Precision Measurement in Metal Fabrication

Measuring Up

The post on social media was humorous—two “identical” tape measures were shown side by side, with a caption talking about being careful about buying foreign-made knockoffs. One was a highly accurate construction tape measure that had passed a verification process at the manufacturer. The other—well, having a tape measure that showed twelve inches over a span that was technically only ten inches long might be useful in photos next to a prize trout or in other bragging contests, but it probably won’t be of much use to a metalworker who wants to make sure his fabrication project is being built to spec.

Having a system of accurate measurements that is recognized by multiple parties has been an important part of commerce since humans started trading commodities with each other before recorded history began. Over the millennia, metrology—the science of measurement—has been refined and perfected, with universally accepted reference points for lengths, volumes, weights, and other units of measure being carefully defined today by institutions like the National Institute of Standards and Technology (NIST). As measuring tools are calibrated to meet these standards, those instruments can then be used by metalworkers and other craftsmen to accurately measure individual parts as they are produced and assembled.

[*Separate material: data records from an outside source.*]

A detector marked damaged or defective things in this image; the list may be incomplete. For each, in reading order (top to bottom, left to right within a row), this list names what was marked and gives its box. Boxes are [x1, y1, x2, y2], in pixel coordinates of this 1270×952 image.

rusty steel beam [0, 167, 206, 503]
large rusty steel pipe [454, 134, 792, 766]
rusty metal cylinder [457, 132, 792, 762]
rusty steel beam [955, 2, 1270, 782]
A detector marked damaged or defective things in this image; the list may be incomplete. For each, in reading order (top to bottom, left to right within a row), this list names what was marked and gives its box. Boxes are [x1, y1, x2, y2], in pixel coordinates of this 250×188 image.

Everyone involved in a metal fabrication facility, from the company owner to the newest hire, needs to understand the importance and correct use of the precision measuring devices used by the operation to ensure that all projects can be held to the tightest tolerances possible to maintain the company’s competitive edge in the marketplace.

Instruments of Linear Measurement

• Every shop should have one or more steel scales, which are precise metal rulers that have been calibrated and certified to meet industrial standards set by NIST or another metrology laboratory.
• A tape measure built for commercial use that meets metrology standards is good for longer measurements and for determining diameters of large cylinders.

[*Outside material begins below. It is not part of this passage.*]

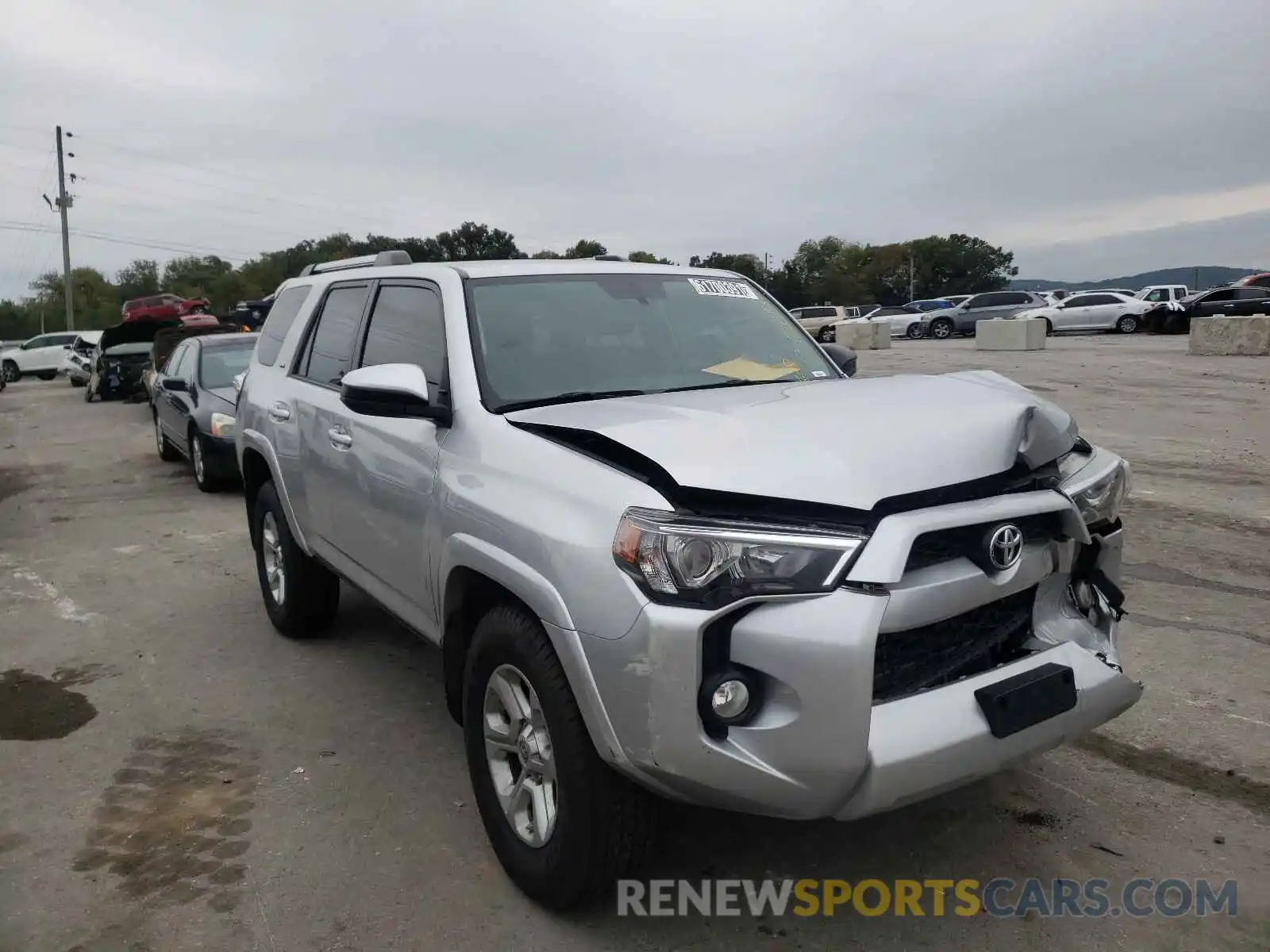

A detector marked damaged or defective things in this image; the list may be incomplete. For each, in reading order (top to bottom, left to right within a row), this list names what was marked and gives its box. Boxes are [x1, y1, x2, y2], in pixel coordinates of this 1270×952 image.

crumpled hood [505, 370, 1072, 515]
damaged front bumper [576, 485, 1143, 822]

• A caliper is a common device that had its origin over 2500 years ago. Modern calipers are very precise and can be analog or digital in their operation. The popular vernier caliper has two sets of moveable jaws, one for measuring external dimensions and the other for gauging internal dimensions of a hole, as well as a vernier scale that slides along the main scale.
• A micrometer is the most accurate handheld linear measuring tool. Available in either analog or digital, different types of micrometers are designed for different functions, such as external micrometers for measuring the outside of an object, and inside micrometers for measuring the internal diameters of holes.
• A depth indicator can measure the depth of a specific point in reference to the surface of an object. The most accurate type of depth gauge is a depth micrometer.
• A height gauge is used for vertical measurement and consists of a scale that extends up from a reference surface. A popular type is a vernier height gauge that has a sliding vernier scale attached to the main scale.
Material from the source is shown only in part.